非正規に対して初の賃上げ要求目安20円を設定

闘争方針案は同日開催した第6回中央執行委員会で確認したもの。賃上げの要求基準案として、「基準内賃金の平均ですべての単組は目指すべき経済の実現、物価動向、生産性向上の成果配分、産業・賃金実態を踏まえた体系是正など観点を総合勘案し3,000円以上の賃金改善分を要求する。なお直接雇用の非正規労働者に対しても原則として賃金改善分を設定する」とした。3年連続で賃金の引上げを求める内容となる。昨年の要求基準は「6,000円以上の賃金改善」だった。

2015年闘争では賃上げ獲得水準や獲得組合数とも前年より増加したが、大手と中堅・中小間の規模間格差が拡大したということもあり、今回の要求について相原会長は「その克服に向けた第一歩をとの狙いもある」とし、「底上げ・格差是正に向けあらゆる手段で取り組んでいきたい」と述べた。また、要求策定に影響を与える物価がゼロ近傍の水準にあり、実質GDPの伸びも低いことなどの経済環境下で、「3,000円以上」を提案したことについては、「デジタルで具体的な数字を算出したものではない」と説明。「一年間の職場での努力は高く評価されてしかるべき。これは企業規模・業種業態を問わず、努力によって今の姿がある。3,000円以上に結集して、着実な成果に結びつけたい」との意欲を示した。
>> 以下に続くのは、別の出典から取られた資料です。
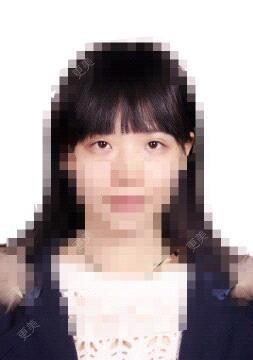 双眼皮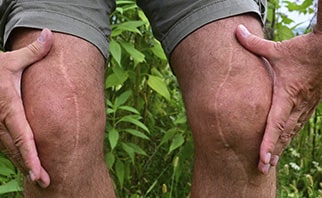Best tips to follow for fast recovery after Knee Replacement Surgery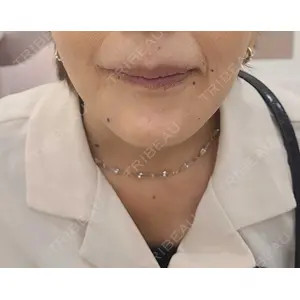 ルラ美容クリニック ルラ美容クリニック 広島院口コミ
また、直接雇用の非正規に対して時給20円目安とする賃金改善要求を盛り込む。昨年も要求基準の中で直接雇用の非正規労働者について、「原則として賃金改善分を設定する」としていたが、総連として具体的な数字を示したのは今回がはじめてとなる。

バリューチェーンにおける付加価値の適正評価を

16年闘争では規模間格差の是正に向けて、サプライチェーン全体で生み出した付加価値の適正な配分が課題となるなか、「2016年闘争からサプライチェーンという表現をやめて、バリューチェーンという言葉にした。バリューチェーンにおける付加価値の最大化・適正評価など、競争力の底上げにつながる方策の検討に着手している最中」との現状を報告したうえで、1月14日の中央委員会で具体的な取り組み方策について示していきたいとの見通しを述べた。